Data shown
== Segment start ==
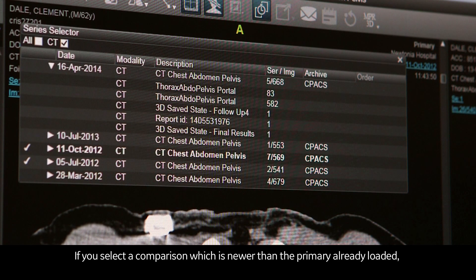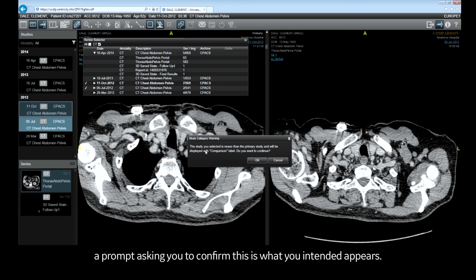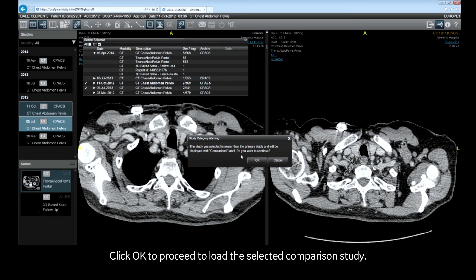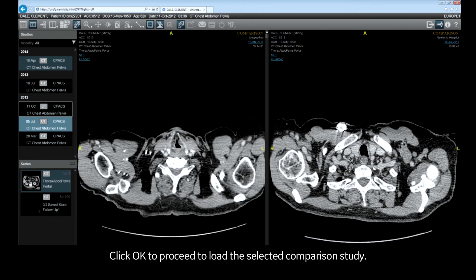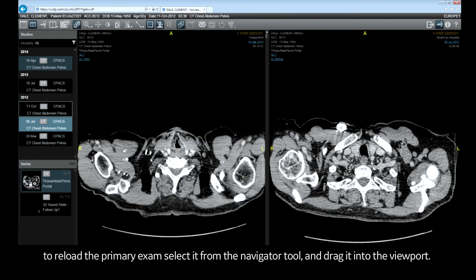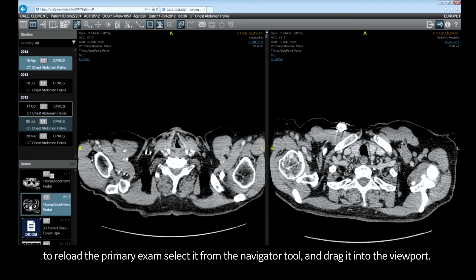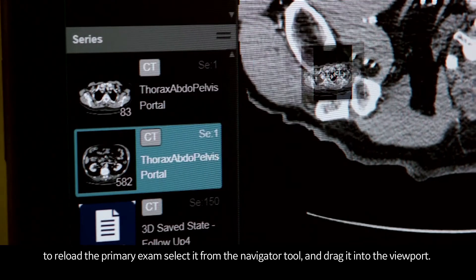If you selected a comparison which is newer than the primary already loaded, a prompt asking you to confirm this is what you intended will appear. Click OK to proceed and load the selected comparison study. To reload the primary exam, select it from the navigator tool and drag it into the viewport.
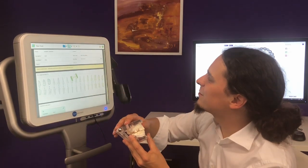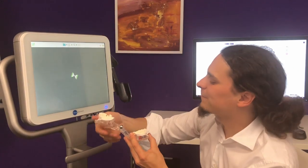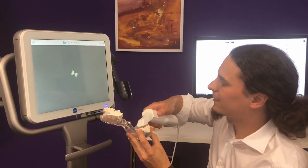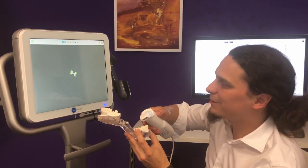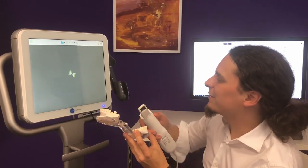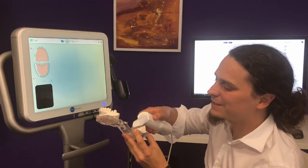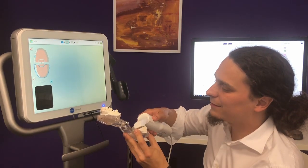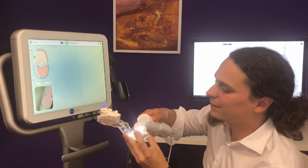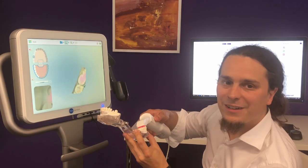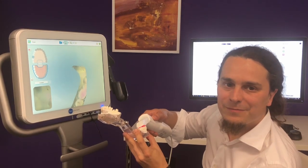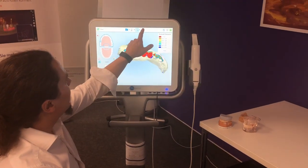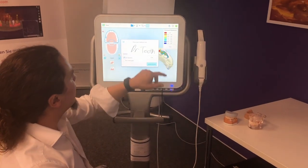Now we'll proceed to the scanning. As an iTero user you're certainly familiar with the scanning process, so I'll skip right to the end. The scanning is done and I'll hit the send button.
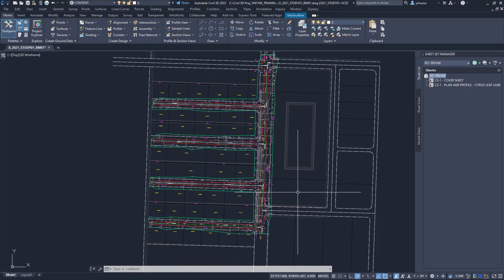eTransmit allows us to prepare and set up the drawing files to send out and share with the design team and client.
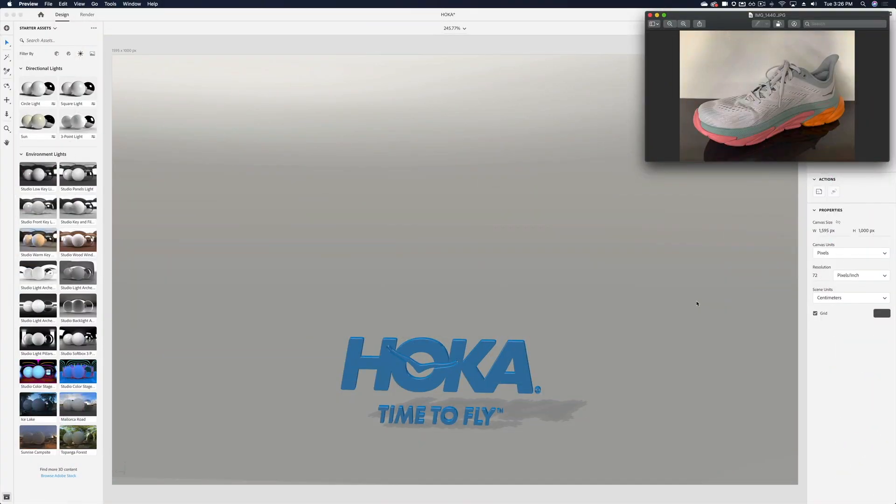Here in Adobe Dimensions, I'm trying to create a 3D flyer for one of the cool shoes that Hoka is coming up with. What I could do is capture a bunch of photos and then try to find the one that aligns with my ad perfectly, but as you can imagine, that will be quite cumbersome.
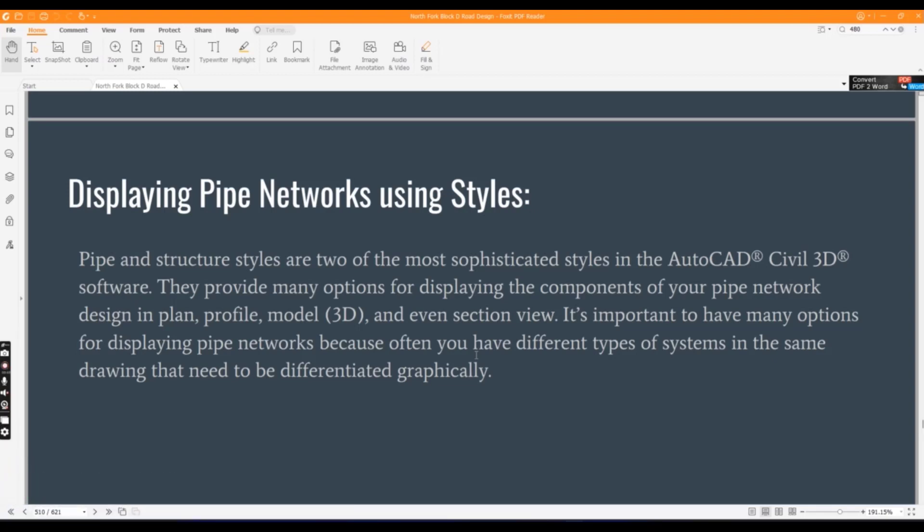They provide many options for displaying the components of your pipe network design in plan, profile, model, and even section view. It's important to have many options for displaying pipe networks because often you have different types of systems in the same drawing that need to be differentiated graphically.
== Segment end ==
== Segment start ==
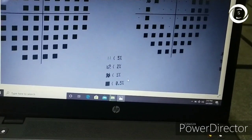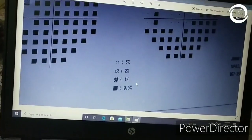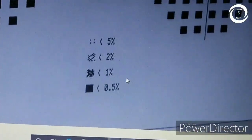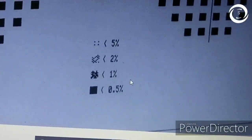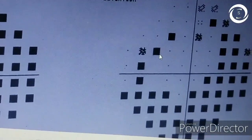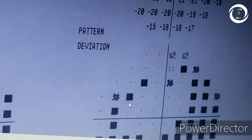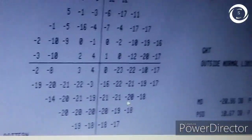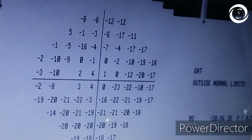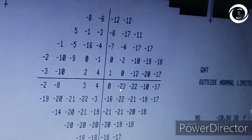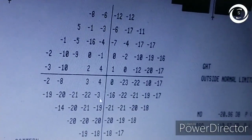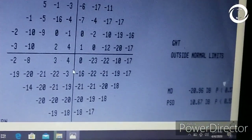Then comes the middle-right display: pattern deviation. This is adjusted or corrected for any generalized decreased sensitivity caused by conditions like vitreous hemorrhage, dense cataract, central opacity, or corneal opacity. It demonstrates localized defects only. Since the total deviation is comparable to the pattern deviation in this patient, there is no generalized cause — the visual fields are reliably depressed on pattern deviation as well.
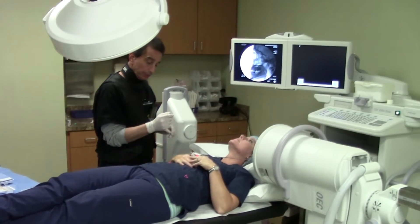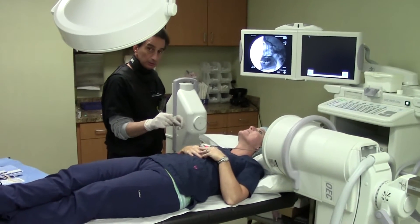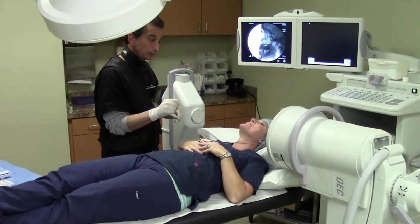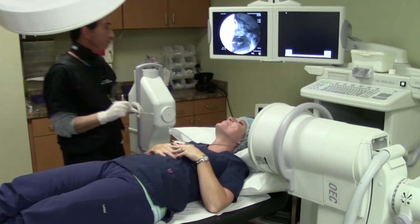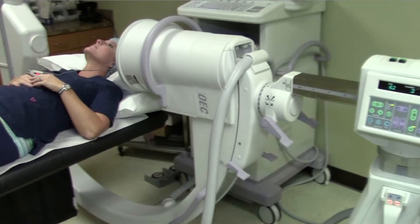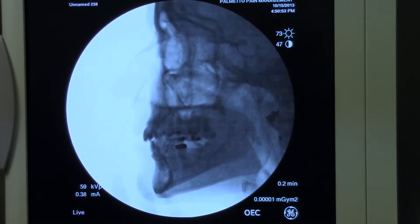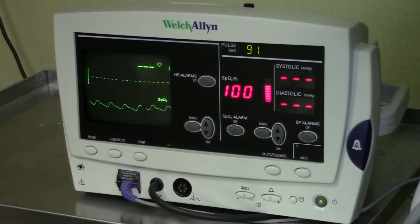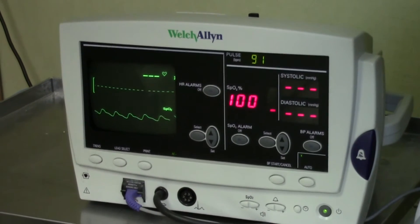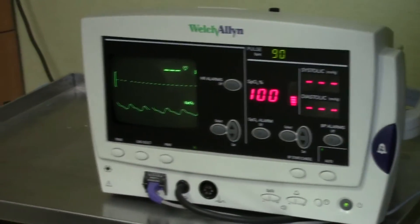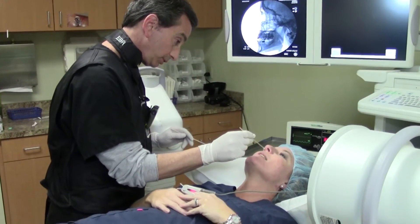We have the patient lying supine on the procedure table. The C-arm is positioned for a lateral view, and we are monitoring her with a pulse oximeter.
== Segment end ==
Work instruction
Reproduce exactly, with no pictures, the lines above from the one holding "Here in Adobe" to the one holding "They provide many", inclusive.

Answer space
Here in Adobe Dimensions, I'm trying to create a 3D flyer for one of the cool shoes that Hoka is coming up with. What I could do is capture a bunch of photos and then try to find the one that aligns with my ad perfectly, but as you can imagine, that will be quite cumbersome.
They provide many options for displaying the components of your pipe network design in plan, profile, model, and even section view. It's important to have many options for displaying pipe networks because often you have different types of systems in the same drawing that need to be differentiated graphically.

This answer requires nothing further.